• **TASK INPUTS**:
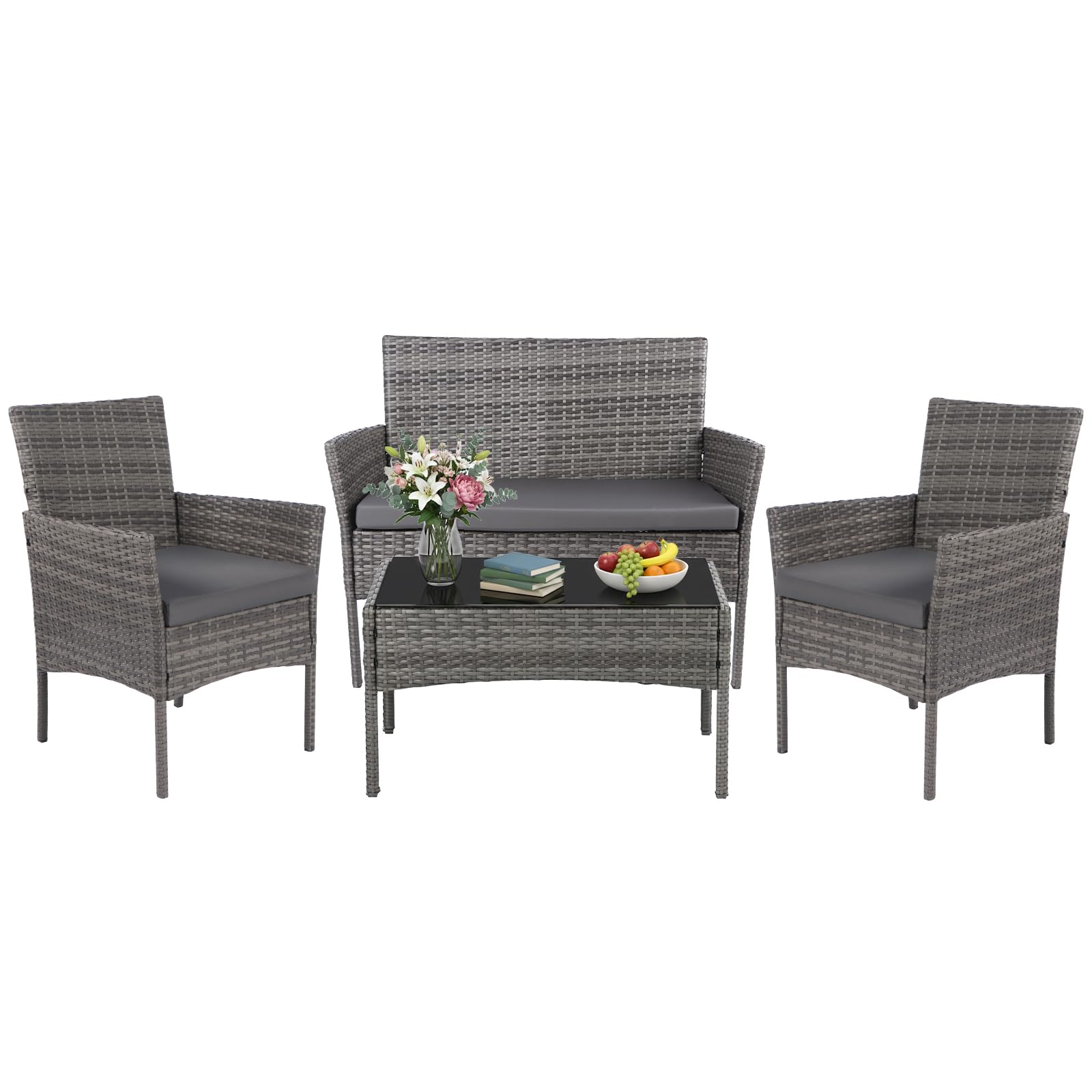 Panana Rattan Garden Furniture 4 Piece Set Table Chair Sofa with Cushions Patio Balcony Outdoor Conservatory Indoor (Mixed Grey Wicker with Grey Cushions)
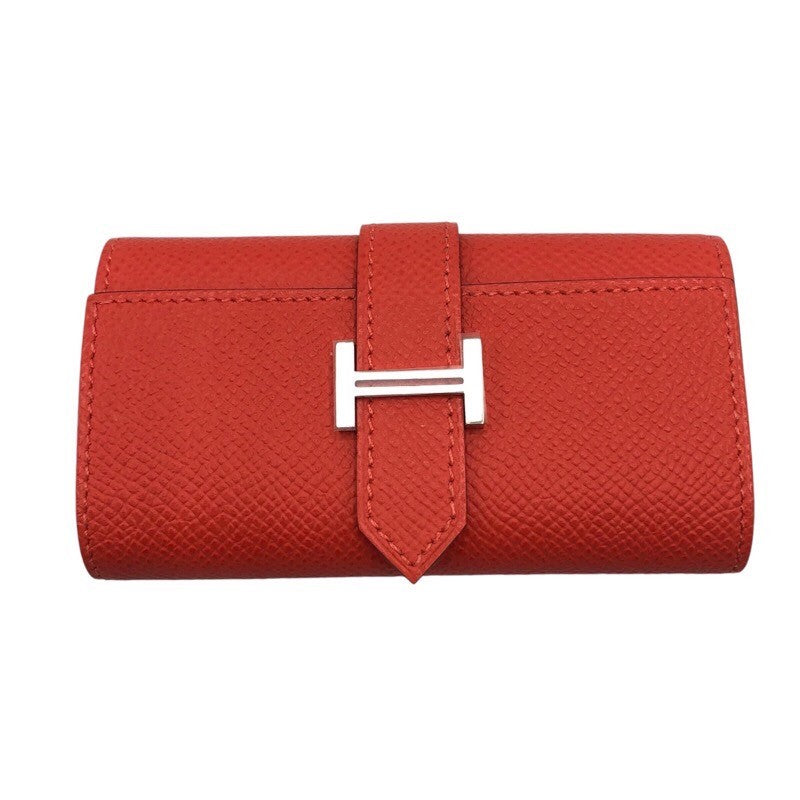 エルメス HERMES ベアンキーケース W刻 ローズジャイプール×SV金具 エプソン レディース キーケース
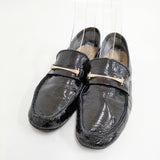 Recipe ビットローファー エナメル 24.5cm ローファー ブラック レディース レシピ【中古】5-1127G◎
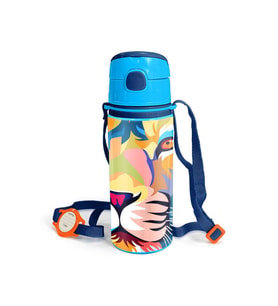 Coral High Kids Lacivert Saks Aslan Desenli Pipetli Alüminyum Matara 600 ml 11938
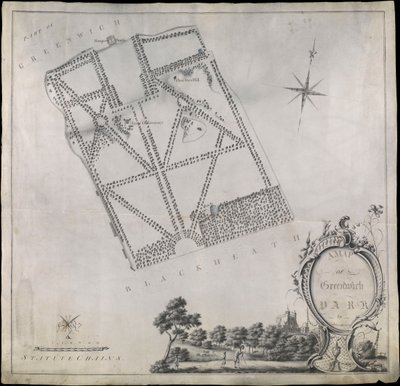 Plan des Greenwich Parks, zeigt das Royal Observatory, One Tree Hill und das Ranger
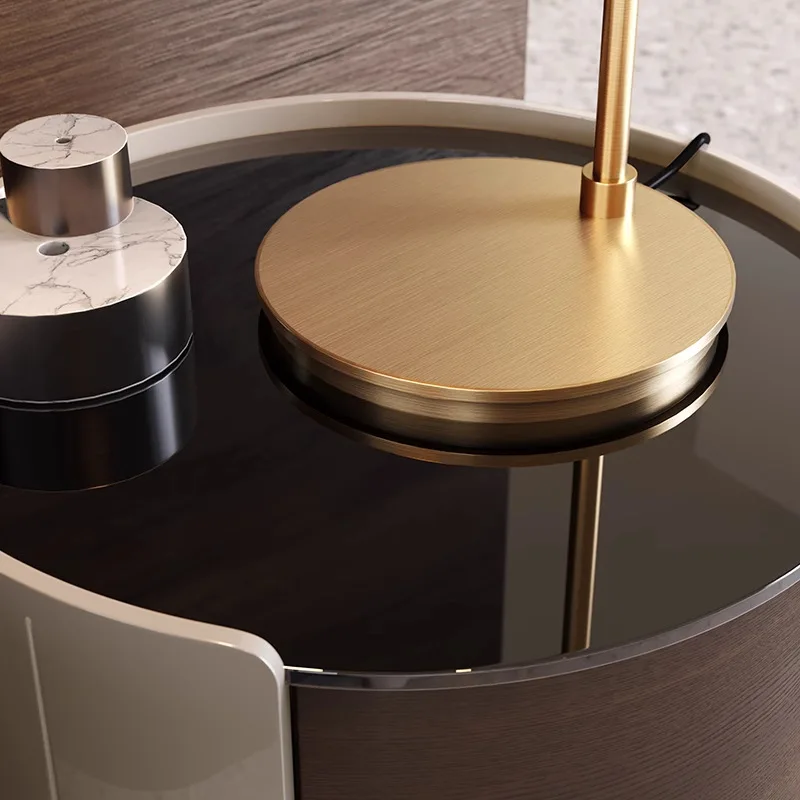 Italian, minimalist, solid wood, paint, bedside table, light luxury, round, side table, designer, suspension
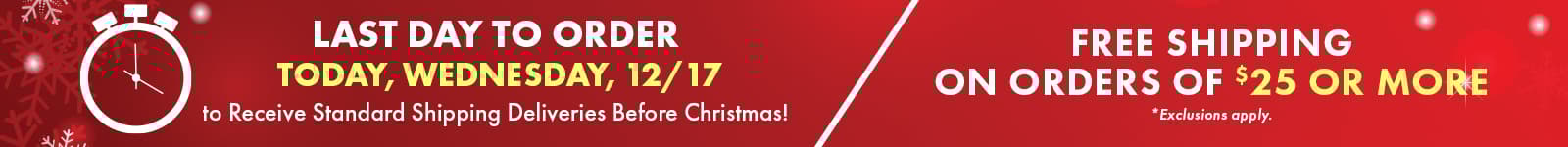 Free Shipping $25 or more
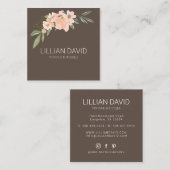Blush Peach Waterverf Floral Roos & Sage Greenery Vierkante Visitekaartje (Voorkant / Achterkant)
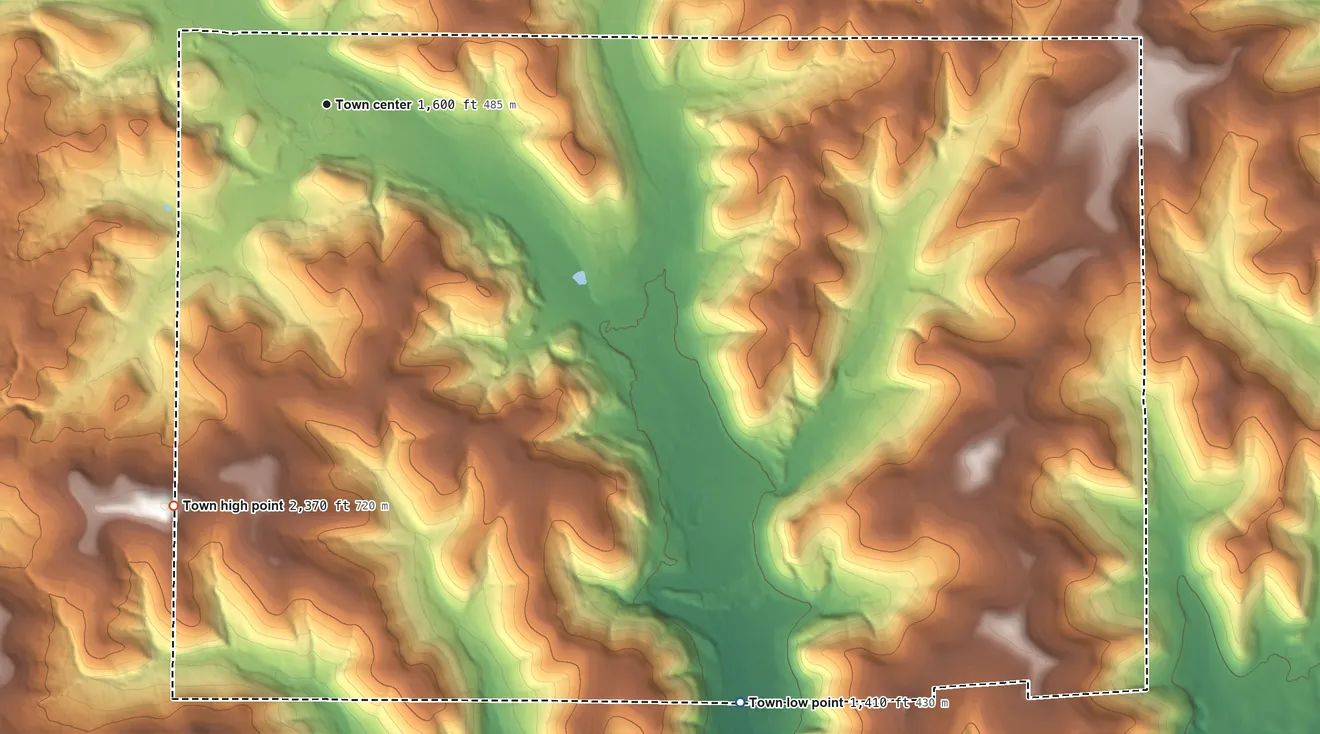 Topographic elevation map of Little Valley, New York, shaded from 1,410 ft on the southeast side to 2,370 ft on the south edge, below higher ground just outside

• **TASK ITEM**: Return word for word the lines of the listing above, starting at the line with "Plan des Greenwich" and ending at the line with "Blush Peach Waterverf", both included. Pictures do not belong in the copy.

• **SOLUTION**:
 Plan des Greenwich Parks, zeigt das Royal Observatory, One Tree Hill und das Ranger
 Italian, minimalist, solid wood, paint, bedside table, light luxury, round, side table, designer, suspension
 Free Shipping $25 or more
Blush Peach Waterverf Floral Roos & Sage Greenery Vierkante Visitekaartje (Voorkant / Achterkant)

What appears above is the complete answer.